Uneven Break

817 58 29
                                    

"I never sleep. Not ever."


"Just resting your eyes?" She snuggles closer.


"Not even that." I'd rather stare blind at the night. At least that's natural. Just an absence of light. The darkness behind eyelids is another matter.


"Well, if you're not going to sleep, can you listen out for the cat." She yawned and stretched under the covers. "I think he's locked in. If you could-" She trailed off into another yawn.


I don't sleep. I have never slept.


The sounds of her breathing grow regular and deep. Outside the muted buzz and roar of traffic. A distant television muttering. Words always seem more important when you can't quite catch them.


They say that without sleep you first go mad. And then you die.


I've been lying to her all day. All week. For the three weeks since we met. That I don't sleep might have been the first true thing she has heard from me.


A door slams. Far off. I wonder about it. What possibilities it closed on.


Those whom the gods destroy, they first make mad. They say Euripides said that four hundred years before Christ drew breath. But it's a lie. People like to pin wise sayings on dead men; the longer dead the better. But some truths just bubble from the ground. Seep from our bones.


She mumbles, dreaming already. A word escapes her. "Euripides."


I don't sleep. I don't go mad. At least not entirely. I think it leaks away. I think it finds new homes in those around me.


When I was a baby I screamed. Not now and again, not when I was hungry, but any time I was awake. Twenty four and seven as they say.


My parents gave me up and I came to rest in St Agnes Children's Home. I think a little madness bubbled out of me there and lodged awhile in Sister Constance-Patience. That or the screaming just tipped her over some ledge she'd sat on those many years. Either way, on a November night in eighty-seven, peace returned to St Agnes. Sister Constance-Patience had sewed my lips together with a dozen careful stitches.

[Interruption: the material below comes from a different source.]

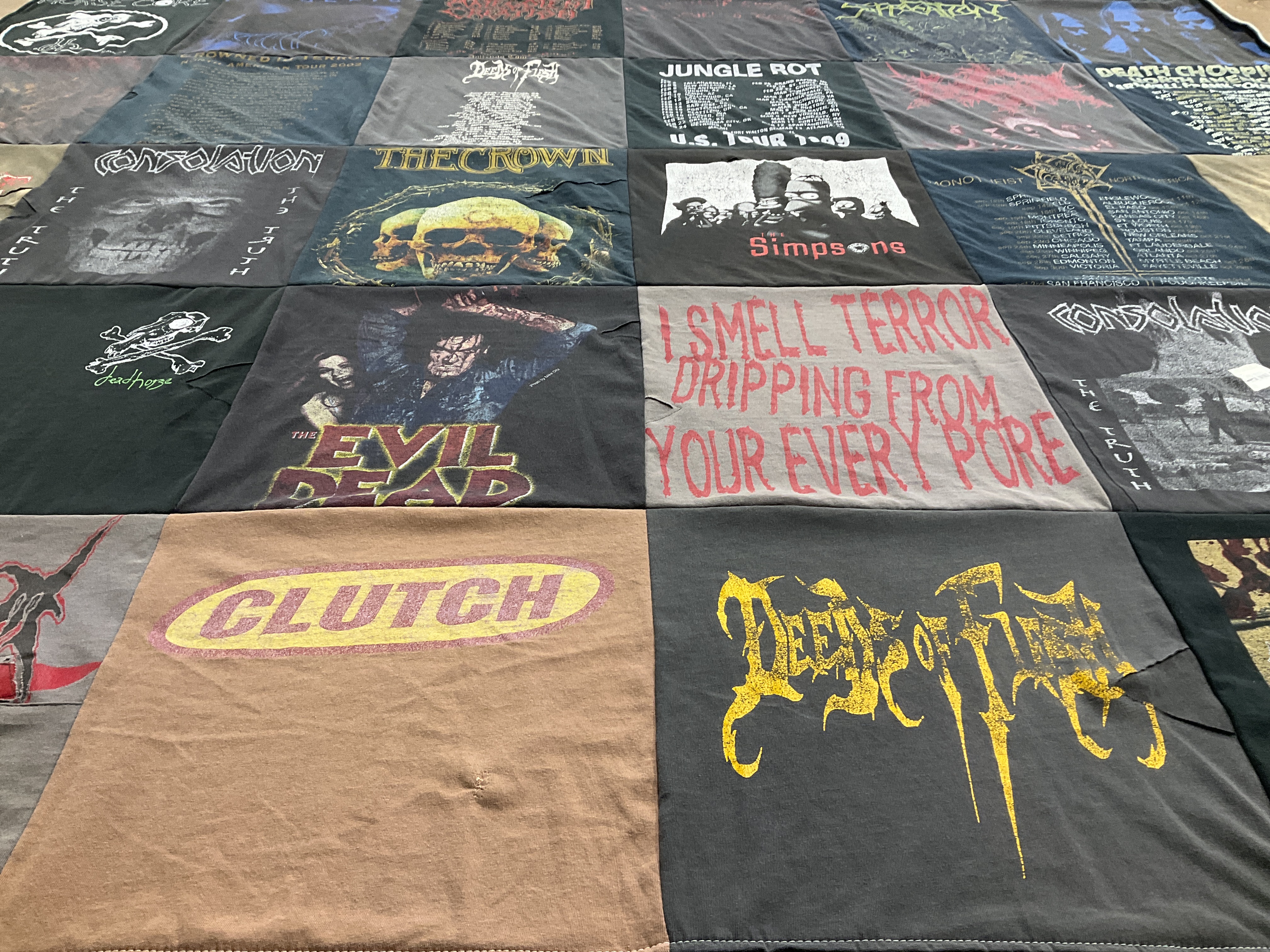 T-shirt quilt with music, horror themes by Andrew from TX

Susan tosses in her dream, tries to speak. "MmmMgg." She can't. I push her away and she claws the pillow.


They took the stitches out the next day, and huddled the Sister away to a closed sect on a remote Scottish isle. It has to be said though, it did the trick. No more screaming. They took the thread out and threw it on the fire, but I can still feel it there. I have to break it every time I speak.


I used to wonder about dreams. What it would be like to dream.


As I grew, I poisoned those around me, spilling insanity night by night as I lay and watched the darkness, or read by candle-stubs. I was a child in Bedlam. I grew amongst broken people, amid murder, depravity, the howling damned.